[RFC 0/9] nuclear pageflip

Ville Syrjälä ville.syrjala at linux.intel.com
Thu Sep 13 01:40:08 PDT 2012


On Wed, Sep 12, 2012 at 02:40:56PM -0500, Rob Clark wrote:
> On Wed, Sep 12, 2012 at 1:58 PM, Ville Syrjälä
> <ville.syrjala at linux.intel.com> wrote:
> > On Wed, Sep 12, 2012 at 01:00:19PM -0500, Clark, Rob wrote:
> >> On Wed, Sep 12, 2012 at 12:27 PM, Ville Syrjälä
> >> <ville.syrjala at linux.intel.com> wrote:
> >> > On Wed, Sep 12, 2012 at 10:48:16AM -0500, Rob Clark wrote:
> >> >> But I think we could still do this w/ one ioctl per crtc for atomic-pageflip.
> >> >
> >> > We could, if we want to sacrifice the synced multi display case. I just
> >> > think it might be a real use case at some point. IVI feels like the most
> >> > likely short term cadidate to me, but perhaps someone would finally
> >> > introduce some new style phone/tablet thingy. I have seen
> >> > concepts/prototypes of such multi display gadgets in the past, but the
> >> > industry apparently got a bit stuck on the rectangular slab with
> >> > touchscreen on one side design.
> >>
> >> I could be wrong, but I think IVI the screens would normally be too
> >> far apart to matter?
> >
> > I was thinking of something like a display on the dash that normally
> > sits low with only a small sliver visible, and extends upwards when
> > you fire up a movie player for example. Internally it could be made
> > up of two displays for power savings purposes.
> >
> >> Anyways, it is really only a problem if you can't do two ioctl()s
> >> within one vblank period.

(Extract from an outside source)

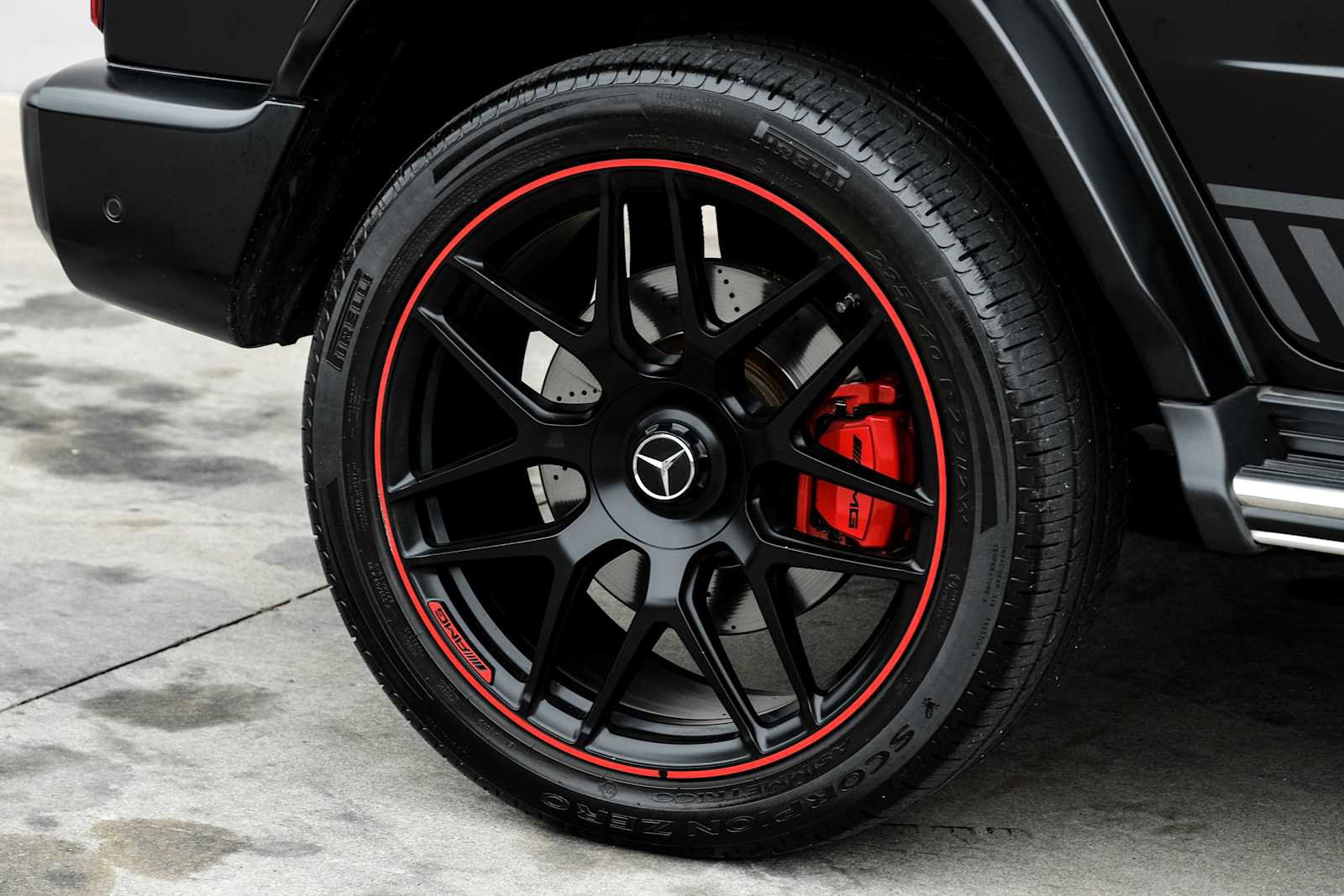 Used 2019 Mercedes-Benz G 63 AMG 4MATIC image 64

If it actually turns out to be a real
> >> problem,
> >
> > Well exactly that's the problem this whole atomic pageflip stuff is
> > trying to tackle, no? ;)
> >
> >> we could always add later an ioctl that takes an array of
> >> 'struct drm_mode_crtc_atomic_page_flip's.  I'm not sure if this is
> >> really useful or not.. but maybe I'm thinking too much about how
> >> weston does it's rendering of different output's independently.
> >
> > I'm just now thinking of surfaceflinger's way of doing things, with
> > its prepare and commit phases. If you need to issue two ioctls to handle
> > cloned displays, then you can end up in a somewhat funky situation.
> >
> > Let's say you have a video overlay in use (one each display naturally),
> > and you increase the downscaling factor enough so that you now have
> > enough memory bandwith to support only one overlay. With independent
> > check ioctls for each display, you never have the full device state
> > available in the kernel, so each check succeeds during the prepare
> > phase. So you decide that you can keep using the video overlays.
> >
> > You then proceed to commit the state, but after the first display has
> > been commited you get an error when trying to commit the second one.
> > What can you do now? The only option is to keep displaying the old
> > frame on the other displays for some time longer, and then on the
> > next frame you can switch to GPU composition. But on the next frame you
> > perhaps no longer need to use GPU composition, but since you can't
> > verify that in the prepare phase, you have no other option but to use
> > GPU composition.
> >
> > So when you run into a configuration that can be supported only
> > partially, you get animation stalls on some displays due to skipped
> > frames, and you always have to fall back to GPU composition for the
> > next frame.
> >
> > If on the other hand you would check the whole state in one ioctl,
> > you'd get the error in the first prepare phase, and could fall back
> > to GPU composition immediately.
> >
> > Am I too much of a perfectionst in considering such things? I don't
> > think so, but perhaps other people disagree.
> 
> Ok, if you have a case where the state of the two crtc's are not
> actually independent, then I think you have a valid point.
> 
> I'm not quite sure what userspace would do about it, though.. for the
> general case where vsync isn't locked, and you can't even necessarily
> assume vsync period is the same, then I don't really think you want to
> couple rendering to the displays.

I would say this is going to be the most common use case if you consider
just the number of shipping devices. It's pretty much what every Android
phone/tablet with a HDMI port has to do.

The solution we came up when working with Medfield was to throttle to
the internal display (usually ~60Hz), and let the external display drop
however many frames it needs. But I still wanted the external display to
always show the most recent frame possible, hence I came up with drm_flip
which supports that just fine. So we used three buffers and just issued
flips at the rate of the internal display, and the external display with
a 30Hz or 24Hz refresh rate ended up dropping some of the frames. It did
look fairly good actually. 

As a proof of the drm_flip implementation, I also did a quick hack where
I bumped the number of buffers up to ~15 or so, and then removed the
display related throttling completely (apart from preventing the GPU
from writing to an active scanout buffer). This allowed the app and
compositor to render at ~400 fps, and each displays would end up
displaying 60 or 30 of those frames each second without tearing. Now,
the only reason I needed so many buffers was that Android's buffer
management rotates buffers in strict order, and I would've needed to
modify that code to do proper triple buffering.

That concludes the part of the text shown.